Roberta Berke puts it perfectly when she says they’re part of the “Twitter mob”.

The 68-year-old from Primrose Hill is walking around Camden brandishing a broom, checking twitter to find out where next to go to clean up. She says it’s important for Londoners’ to help their city: “All that it needs for evil to succeed is for good people to do nothing.” Police, standing outside a JD Sports on Camden high road are happy to help her find the next place to clean up.

For many, the actions of the rioters were about greed. The twitter mob helping to clean up their city are about community. Azul, from Crouch End says she lived in Lebanon during the civil war.

“Whenever they bombed a building, the residents came and cleaned it back up. This reminds me of that.”

Back on Clarence Road Elaine, has come down to see the damage. She’s lived in Hackney all her life and she says she’s disgusted, but not surprised.

“The democratic government has been penalising people for too long. And what they made the mistake to do is they turned around and they penalised the people who were working for them. The police. They are penalising the police, the military. And I believe that the police is part of this. They think ‘we ain’t got no money, we ain’t got the manpower.’

“Look what’s happened. I’m disgusted that people are being made homeless. I’m disgusted that it seems like it’s chaos and there’s no head. There doesn’t seem like there’s a head, it’s just a complete riot. I’m not surprised. I’m disgusted by what the government has allowed to happen.”

She says it’s about London, and a failure of parenting: “There are a lot of parents that don’t have control over their teenaged youths. The government took away the power from the parents long ago.

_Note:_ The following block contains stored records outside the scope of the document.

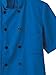 Five Star Chef Apparel 18025 Unisex Short Sleeve Chef Coat Royal 3XL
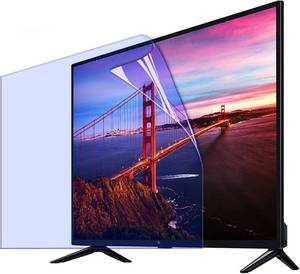 lot 8110 image: $89 55-Inch Anti-Glare TV Film Blue Light Screen Protector 400 450nm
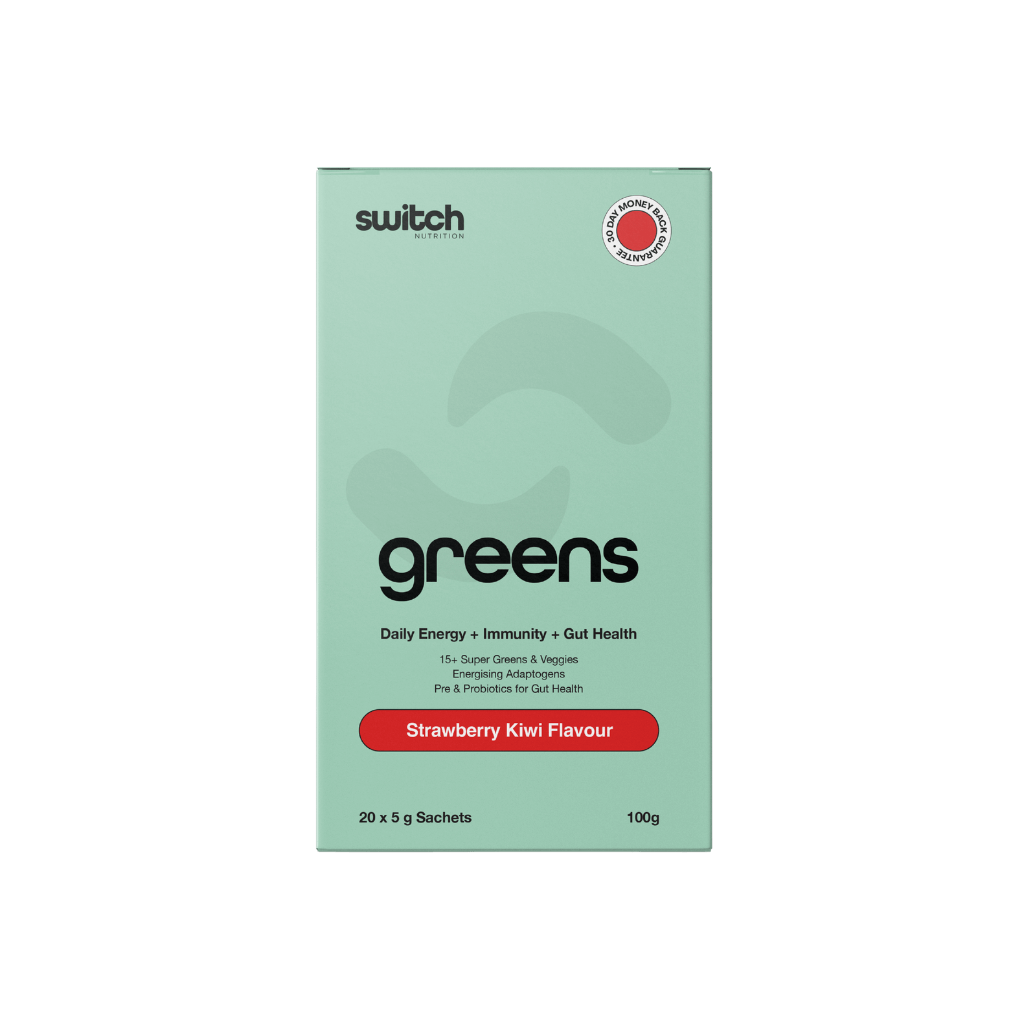 Switch Nutrition - Greens (5) & SWITCH-Greens-20SrvBOX-StrwK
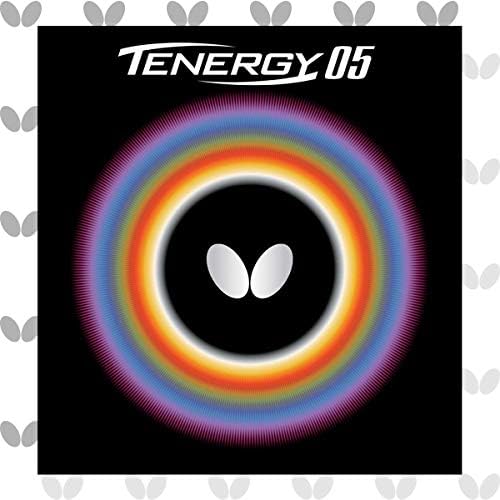 Butterfly Tenergy 05 Table Tennis Rubber | 1.7, 1.9, or 2.1 mm | Red or Black | 1 Sheet | Professional Table Tennis Rubber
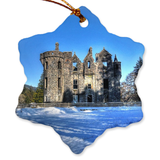 Castle in Snow South Porcelain Ornaments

“The parents have given up. They’re too busy worrying about the mortgage, the bills, everything.”

Surveying the damage, Sheva doesn’t look angry. He looks shocked. Another local business destroyed by riots that have raged across the capital city for the past three nights.

Yussef, owner of the nearby Pogo cafe, is also out on the street with a broom, helping with clear up. He stayed in his cafe all night last night to protect it from rioters. “I’m pretty sure they don’t have any public support. These were not locals. They should attack some big company’s not local shops, not local communities.”

Down the road Colin is guarding his hairdressing shop Chaquille, he says he understands the rioters’ frustrations.

“You can’t have a generation jobless, with no prosperity. They must have their frustrations. When I grew up there were youth centres. There’s nothing for them now.”

And Harris Zafar, the manager of O2 on Mare Street, where riots broke out during the daytime on Monday, says the outbursts of violence are not a surprise.

“There’s no justification for what they did, but for people to say they didn’t forsee this is ridiculous. Reaction only comes after an action. Things have been bad for a long time. I don’t remember voting for two parties to govern me.”